[PROBLEM TO WORK ON] Your answer must be the lines from the one containing "Wilson Tour Slam" through the last line below, copied exactly, with no pictures.

[Scraped caption text data]
*** Block opens ***

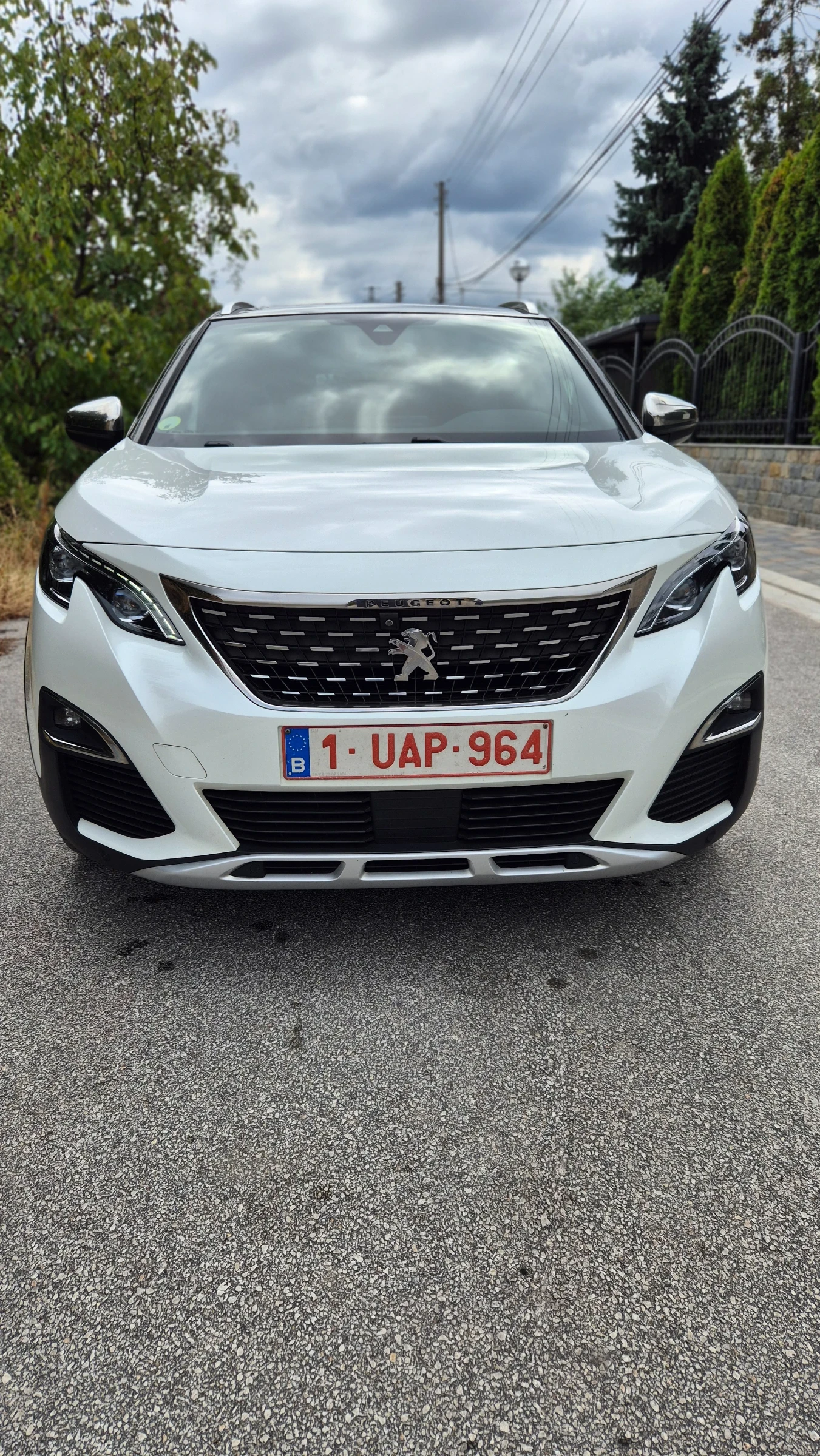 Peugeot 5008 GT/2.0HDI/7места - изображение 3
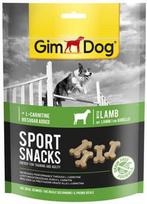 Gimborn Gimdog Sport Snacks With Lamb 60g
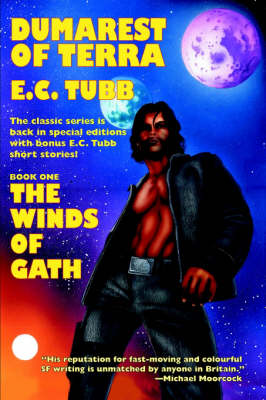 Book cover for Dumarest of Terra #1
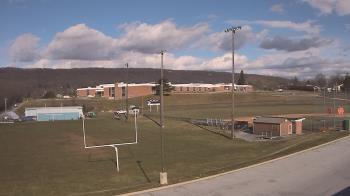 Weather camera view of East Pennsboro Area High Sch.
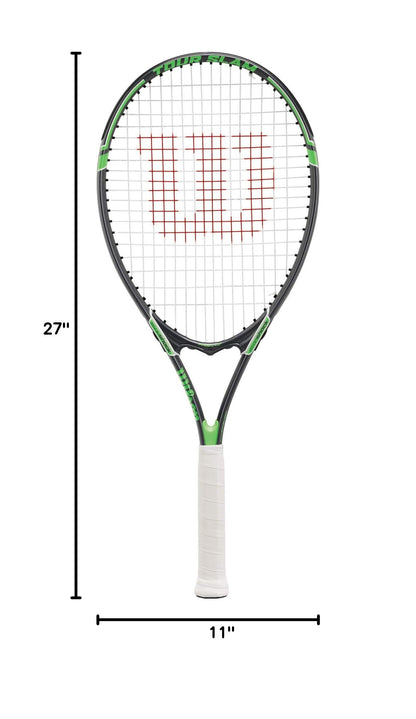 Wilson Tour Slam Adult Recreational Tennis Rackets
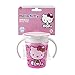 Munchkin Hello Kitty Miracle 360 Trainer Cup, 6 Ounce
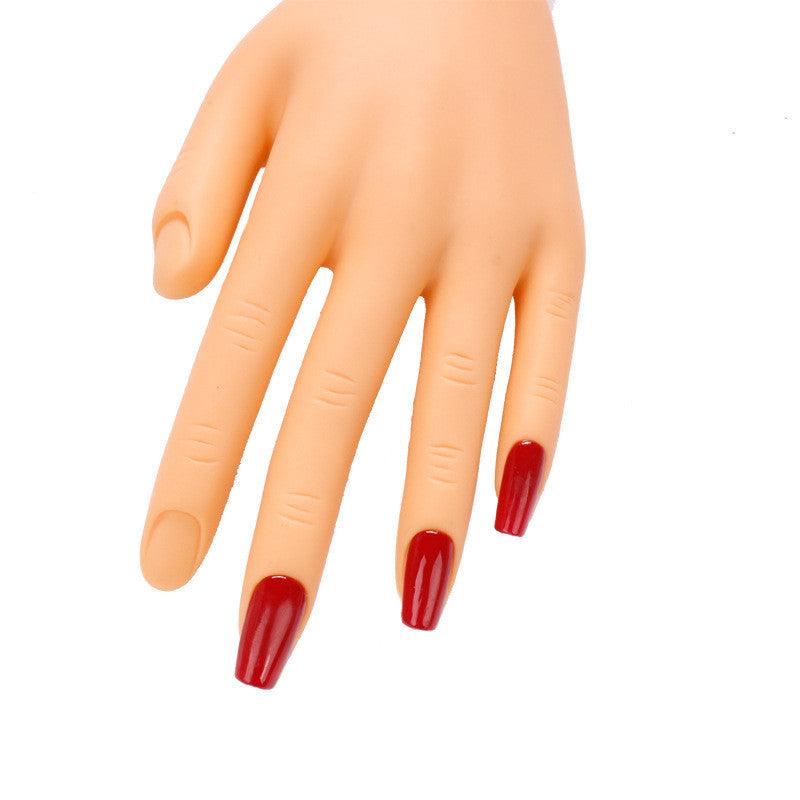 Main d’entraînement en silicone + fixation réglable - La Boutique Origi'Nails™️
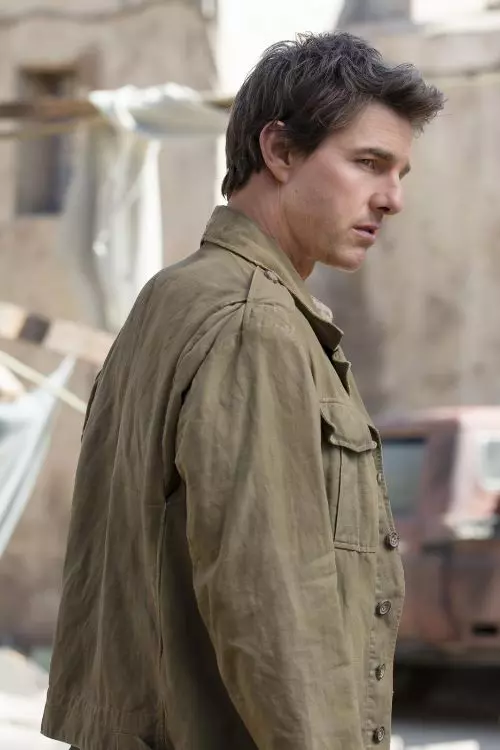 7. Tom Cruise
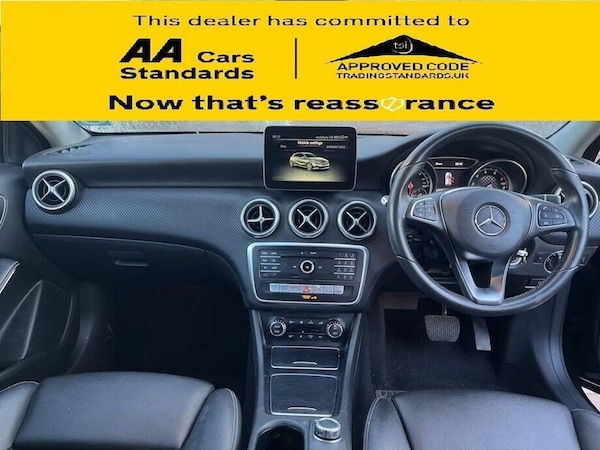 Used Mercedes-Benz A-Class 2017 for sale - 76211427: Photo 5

*** Block closes ***

[ANSWER SECTION]
 Wilson Tour Slam Adult Recreational Tennis Rackets
 Munchkin Hello Kitty Miracle 360 Trainer Cup, 6 Ounce
 Main d’entraînement en silicone + fixation réglable - La Boutique Origi'Nails™️
 7. Tom Cruise
 Used Mercedes-Benz A-Class 2017 for sale - 76211427: Photo 5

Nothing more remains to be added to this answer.